T-cell receptor (TCR) clonality is important for mycosis fungoides (MF) diagnosis. Routine clonality analysis is performed using a polymerase chain reaction (PCR) TCR-γ assay; yet with this method 10%–50% of T-cell lymphomas escape detection. TCR-β gene rearrangement is an additional assay. Data about its efficacy is controversial.

Objective

Evaluate the role of TCR-β assay in the diagnosis of early MF.

Methods

A retrospective study of 61 skin biopsies, 20 from MF patients, 30 from patients suspected to have early MF, and 11 from patients with chronic inflammatory skin disease.

Results

Monoclonality was detected in 16/20 (80%) MF cases; 15 (75%) with TCR-β and 12 (60%) with TCR-γ assay. Of the 30 suspected early MF cases, 14 demonstrated monoclonality, all of which with TCR-β and 5 with TCR-γ assay. None of the chronic inflammatory condition samples showed monoclonality.

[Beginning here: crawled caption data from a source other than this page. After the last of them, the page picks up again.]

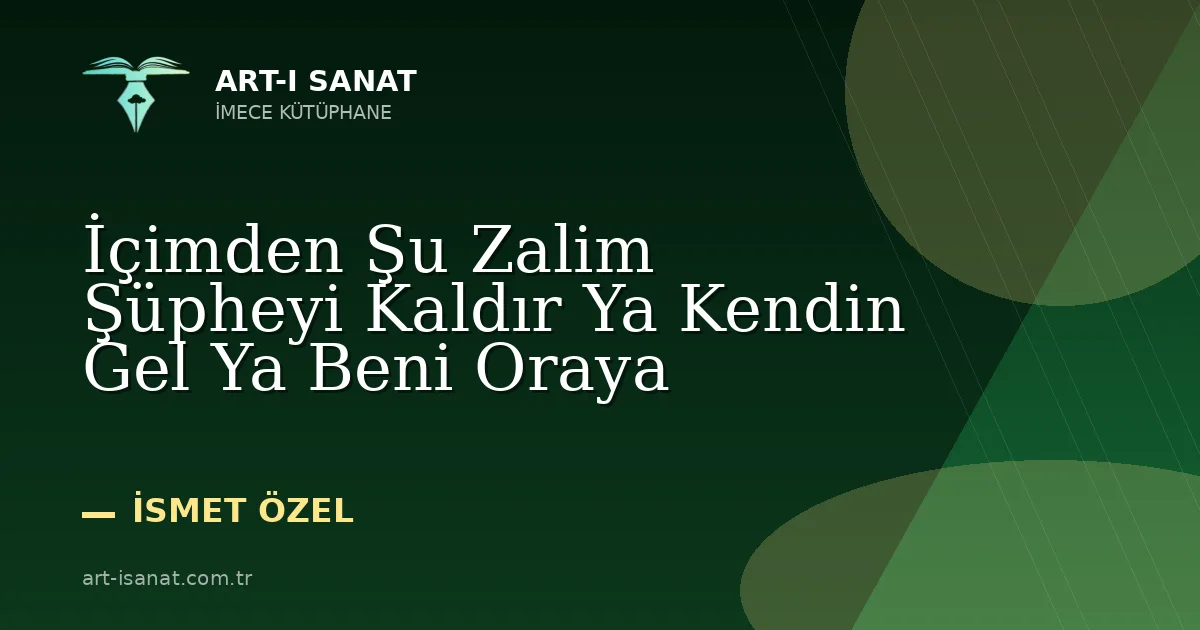 İçimden Şu Zalim Şüpheyi Kaldır Ya Kendin Gel Ya Beni Oraya
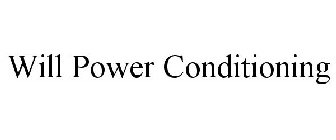 WILL POWER CONDITIONING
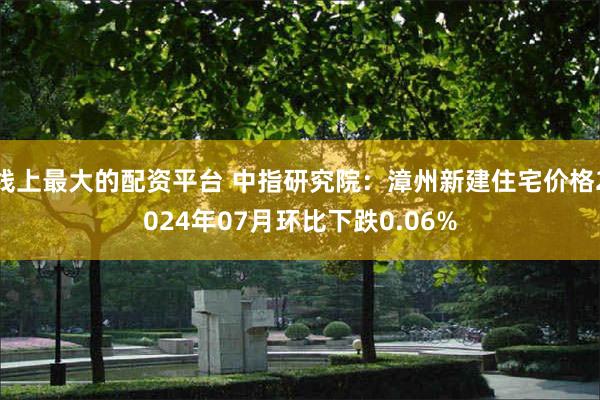 线上最大的配资平台 中指研究院：漳州新建住宅价格2024年07月环比下跌0.06%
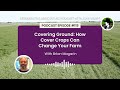 Episode 115 covering ground how cover crops can change your farm with brian magarin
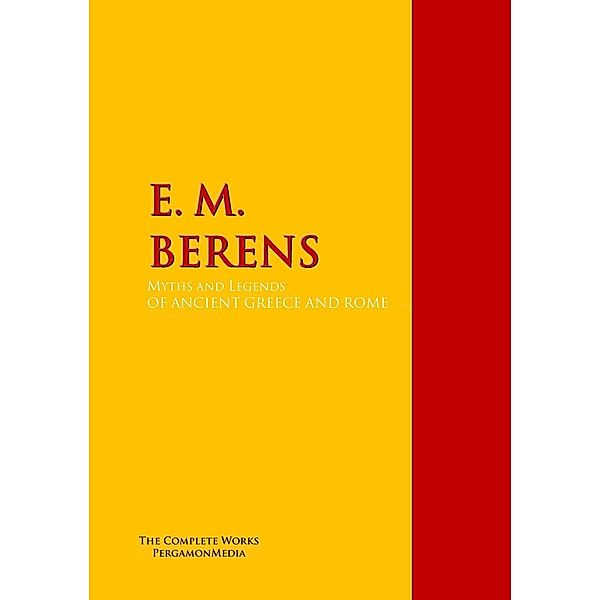 Myths and Legends OF ANCIENT GREECE AND ROME., E. M. Berens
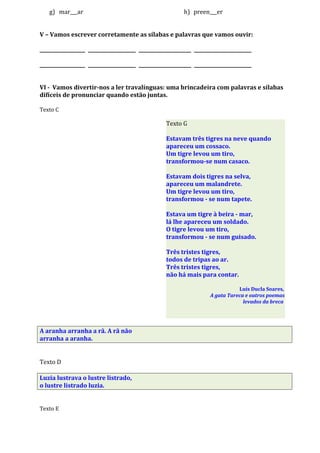 g) mar___ar h) preen___er
V – Vamos escrever corretamente as sílabas e palavras que vamos ouvir:
___________________ ____________________ ______________________ ________________________
___________________ ____________________ ______________________ ________________________
VI - Vamos divertir-nos a ler travalínguas: uma brincadeira com palavras e sílabas
difíceis de pronunciar quando estão juntas.
Texto C
A aranha arranha a rã. A rã não
arranha a aranha.
Texto D
Luzia lustrava o lustre listrado,
o lustre listrado luzia.
Texto E
Texto G
Estavam três tigres na neve quando
apareceu um cossaco.
Um tigre levou um tiro,
transformou-se num casaco.
Estavam dois tigres na selva,
apareceu um malandrete.
Um tigre levou um tiro,
transformou - se num tapete.
Estava um tigre à beira - mar,
lá lhe apareceu um soldado.
O tigre levou um tiro,
transformou - se num guisado.
Três tristes tigres,
todos de tripas ao ar.
Três tristes tigres,
não há mais para contar.
Luís Ducla Soares,
A gata Tareca e outros poemas
levados da breca
 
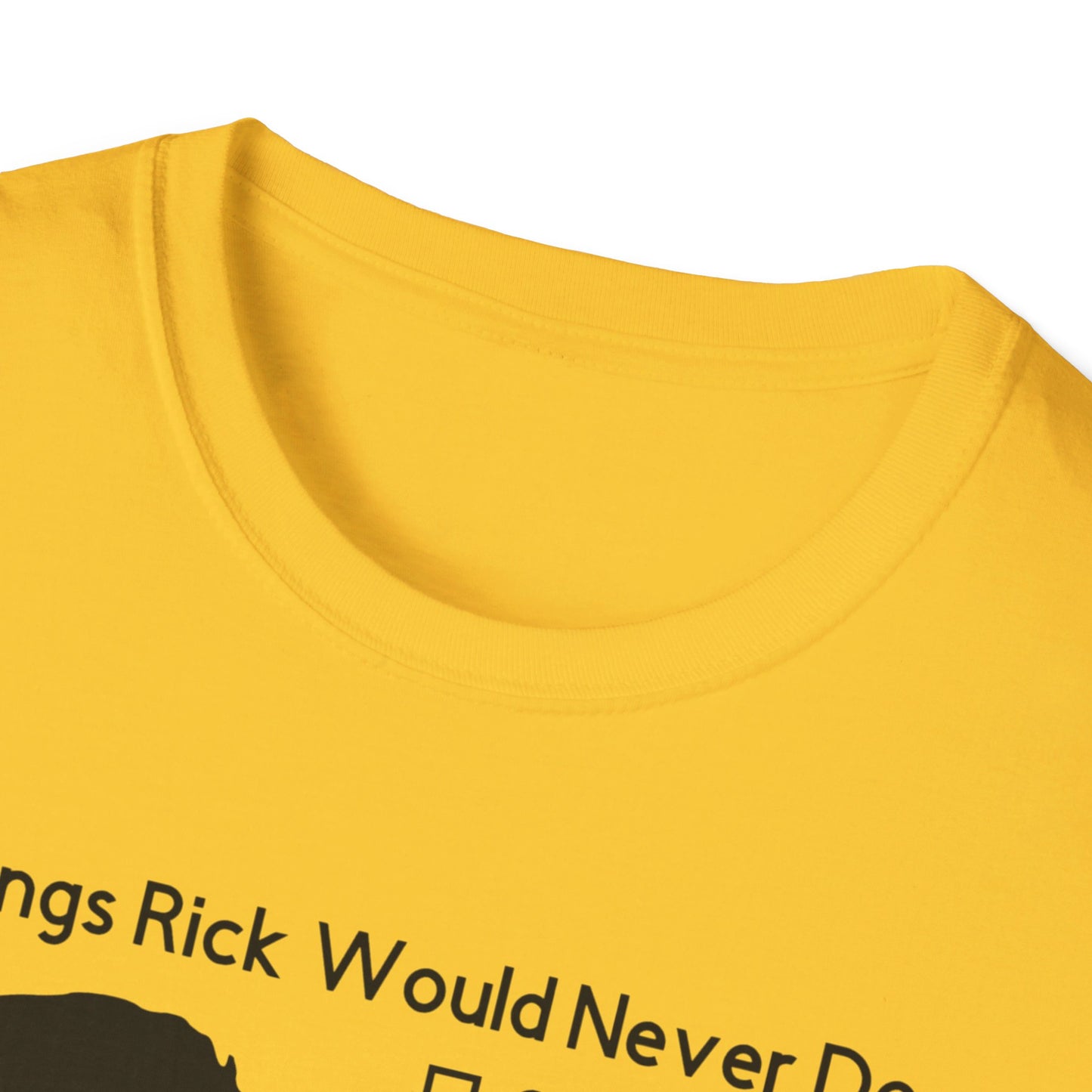 Funny Things Rick Would Never Do T-shirt - Rick Astley - 80's Music Shirt - Never Gonna Give You Up - Rick Roll, Unisex Softstyle T-Shirt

Therefore, TCR-β clonality assay was more sensitive in early MF than TCR-γ (83% vs. 43%, P=0.002).

Limitations

A retrospective, relatively small study.

Conclusion

TCR-β demonstrated a higher sensitivity rate compared with TCR-γ in early-stage MF. The combined use of the TCR-β and TCR-γ clonality tests can significantly improve the diagnosis rate of early-stage MF.